The Militant (logo)  
   Vol. 67/No. 41           November 24, 2003  
 
 
UN General Assembly approves resolution
calling for an end to U.S. embargo on Cuba
 
BY RÓGER CALERO  
NEW YORK— “The economic, commercial, and financial blockade imposed by the United States of America against Cuba must be lifted,” said Cuba’s foreign minister, Felipe Pérez Roque at the United Nations General Assembly November 4. He was speaking in the debate on a resolution calling for an end to Washington’s four-decade-old economic embargo against Cuba.

The assembly voted 179-3 in favor of the resolution, with two abstentions. Representatives of the United States, Israel, and the Marshall Islands voted “no.” The UN general Assembly has voted every year since 1992 to oppose the U.S. embargo. Each time it has received a bigger majority. This year the resolution received six votes more than last year.

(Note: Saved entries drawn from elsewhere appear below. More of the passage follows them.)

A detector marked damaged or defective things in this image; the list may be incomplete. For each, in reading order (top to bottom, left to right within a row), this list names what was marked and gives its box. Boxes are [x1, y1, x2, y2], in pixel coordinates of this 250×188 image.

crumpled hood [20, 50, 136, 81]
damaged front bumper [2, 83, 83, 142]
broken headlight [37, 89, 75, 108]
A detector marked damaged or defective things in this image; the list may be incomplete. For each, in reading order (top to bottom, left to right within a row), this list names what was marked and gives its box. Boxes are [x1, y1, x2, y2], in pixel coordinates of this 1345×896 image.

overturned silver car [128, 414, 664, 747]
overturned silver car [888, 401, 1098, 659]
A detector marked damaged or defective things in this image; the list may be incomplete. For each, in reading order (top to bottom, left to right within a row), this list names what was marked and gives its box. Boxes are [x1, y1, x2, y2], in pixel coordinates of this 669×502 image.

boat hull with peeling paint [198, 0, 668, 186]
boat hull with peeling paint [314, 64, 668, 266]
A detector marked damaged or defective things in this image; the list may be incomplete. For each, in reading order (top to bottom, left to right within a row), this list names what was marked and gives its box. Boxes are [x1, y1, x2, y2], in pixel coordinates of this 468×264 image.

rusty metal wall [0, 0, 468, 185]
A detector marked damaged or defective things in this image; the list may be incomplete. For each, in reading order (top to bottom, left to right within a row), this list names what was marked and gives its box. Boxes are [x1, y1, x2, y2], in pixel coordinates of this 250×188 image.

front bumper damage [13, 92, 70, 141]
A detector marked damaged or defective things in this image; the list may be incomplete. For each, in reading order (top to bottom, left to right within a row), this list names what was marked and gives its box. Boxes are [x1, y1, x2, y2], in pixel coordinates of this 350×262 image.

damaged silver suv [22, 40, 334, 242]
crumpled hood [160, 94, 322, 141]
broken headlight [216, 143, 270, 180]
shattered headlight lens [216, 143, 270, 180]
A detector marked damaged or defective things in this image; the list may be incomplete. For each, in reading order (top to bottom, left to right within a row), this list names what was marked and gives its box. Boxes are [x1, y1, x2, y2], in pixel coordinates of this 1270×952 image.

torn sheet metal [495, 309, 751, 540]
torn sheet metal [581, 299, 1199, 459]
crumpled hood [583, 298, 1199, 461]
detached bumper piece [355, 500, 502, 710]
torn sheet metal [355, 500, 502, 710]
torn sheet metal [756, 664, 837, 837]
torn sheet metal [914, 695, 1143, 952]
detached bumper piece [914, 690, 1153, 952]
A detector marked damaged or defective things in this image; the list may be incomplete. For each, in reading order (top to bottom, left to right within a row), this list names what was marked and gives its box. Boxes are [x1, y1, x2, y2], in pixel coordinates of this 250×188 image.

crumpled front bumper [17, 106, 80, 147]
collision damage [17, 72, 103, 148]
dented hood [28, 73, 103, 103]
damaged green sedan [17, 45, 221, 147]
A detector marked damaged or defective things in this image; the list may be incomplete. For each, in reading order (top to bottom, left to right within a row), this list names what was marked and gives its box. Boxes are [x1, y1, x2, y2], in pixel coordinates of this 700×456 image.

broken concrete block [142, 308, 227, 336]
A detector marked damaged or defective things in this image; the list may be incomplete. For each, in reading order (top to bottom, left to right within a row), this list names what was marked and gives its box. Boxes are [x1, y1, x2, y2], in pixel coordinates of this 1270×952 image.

The trade embargo against Cuba was imposed by the administration of John F. Kennedy in 1962, and has been maintained through nine administrations, Democratic and Republican alike. It has been reinforced with a ban on travel to the island by most U.S. residents.

In the past decade the embargo was tightened by the 1992 Torricelli Act and, four years later, the Helms-Burton Act. Both had extraterritorial reach, providing legal grounds for upping the pressure on third countries to cease trading with Cuba. The Torricelli Act barred foreign subsidiaries of U.S. companies from engaging in such commerce. Under the Helms-Burton Act, U.S. businessmen whose property was expropriated by Cuba’s workers and farmers after the January 1959 revolution were given permission to sue companies abroad that invest in those properties.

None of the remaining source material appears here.